Magistrates issued a warrant to grant access to the premises but that elicited a complaint to the Ombudsman, who agreed that it was "a perfectly proper and lawful warrant".

But, even when Mrs Trusty and her colleague, accompanied by vet Robert Done, returned, Sharpstone delayed further before allowing access only to the side of the house.

There they found two female bulldogs in a kennel, a highly contaminated fenced area with 11 kennels, eight flooded kennels and a male bulldog running free, Miss Stevens said.

It subsequently emerged that, between January 26 2005 and November 9 of that year, she had six litters and 41 puppies that sold for around £350 each.

"What the district council wants more than anything is for her to co-operate. If she had done so from the outset, it would have saved a lot of trouble and expense," Miss Stevens told Huntingdonshire magistrates. "Sticking her head in the sand won't make it go away. There is a legal limit to the number of times breeders can breed from a dog."

She said Sharpstone had decided not to apply for a breeder's licence, but had undertaken to restrict her breeding activities to within the legal limit.

Solicitor John Crisp, defending, said that, as a "hobby breeder", his client could breed up to four litters a year, which could result in about 40 puppies. He accepted her previous activities had exceeded that.

Her initial lack of co-operation had been because of ignorance of the law, he said. As soon as she consulted him and he had explained her position "she did co-operate and things are a lot better now".

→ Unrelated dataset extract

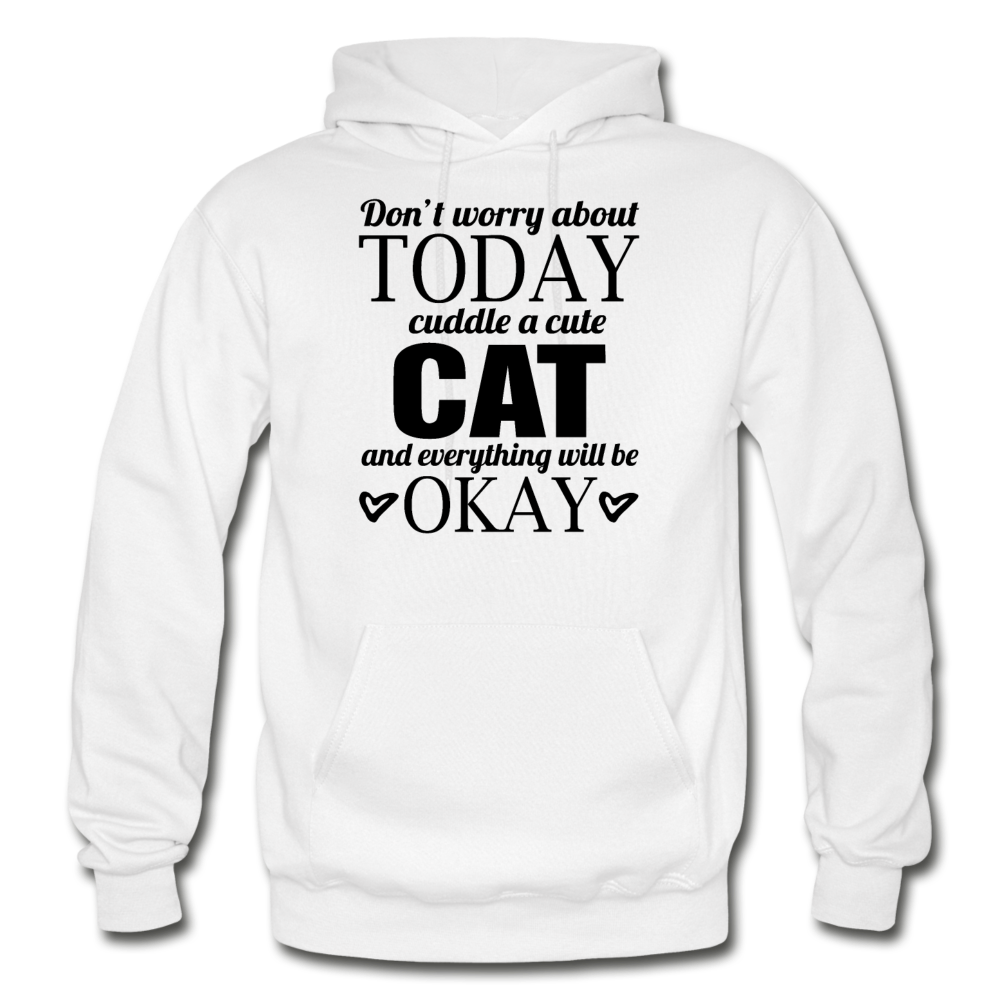 Cuddle A Cat - Gildan Heavy Blend Adult Hoodie - white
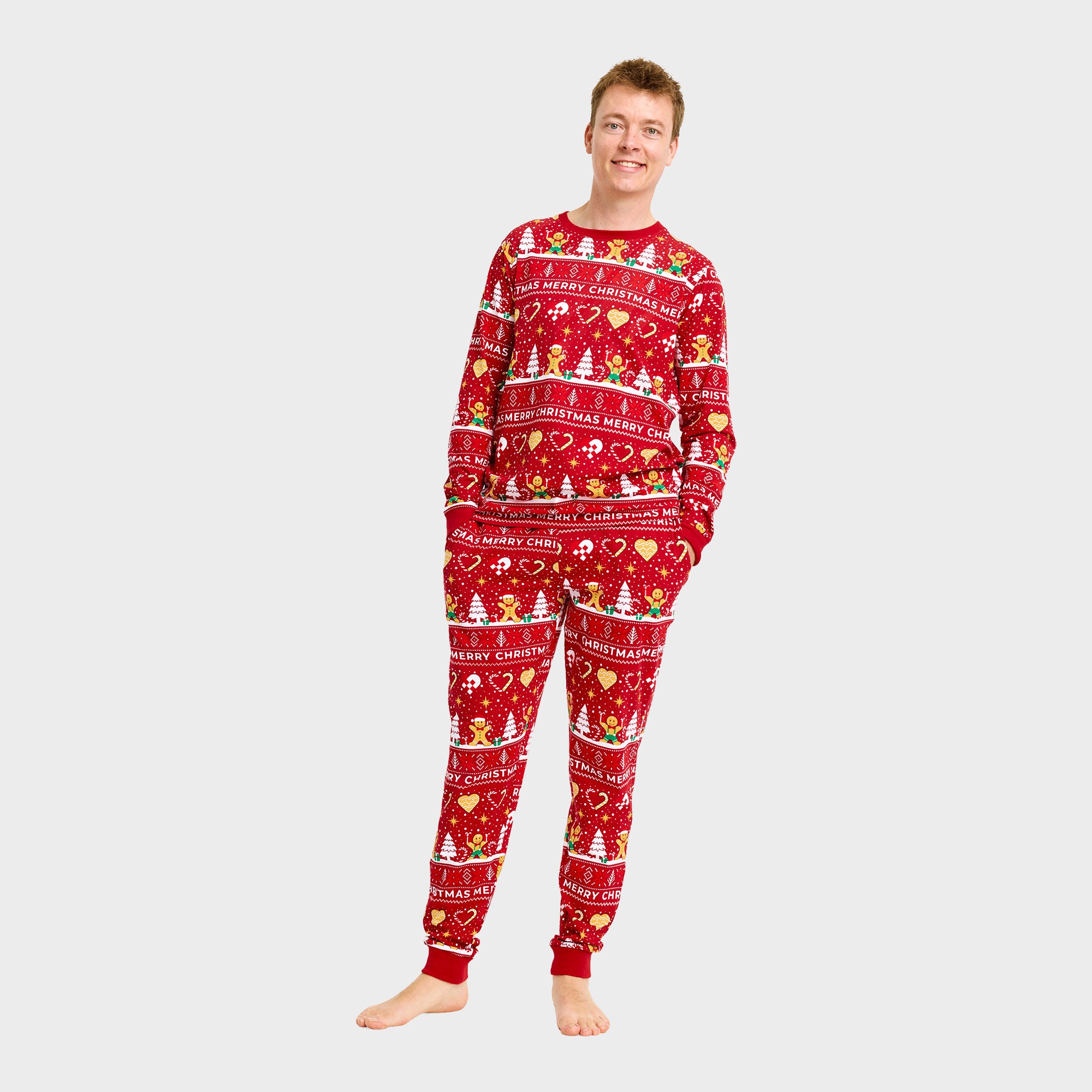 Christmas Cookie julepyjamas rød - Herre.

All proceeds from the sale of puppies were ploughed back into the business in feed and vets' fees. She had spent £45,500 on kennel drainage and other works to keep the animals in good condition, Mr Crisp told the court.

"She is a housewife whose hobby got out of hand. She has a lot to learn. But she makes no money out of the business."

Magistrates, who could have sent Sharpstone to prison for three months, told her: "As you were uncooperative, costs were inevitably much higher than they would otherwise have been, so we order that you pay the full costs".

An inspection by the RSPCA had found no evidence of animals suffering, although cleanliness had been compromised by a drainage problem that had now been fixed. The inspector found that the dogs were kept in "reasonable conditions".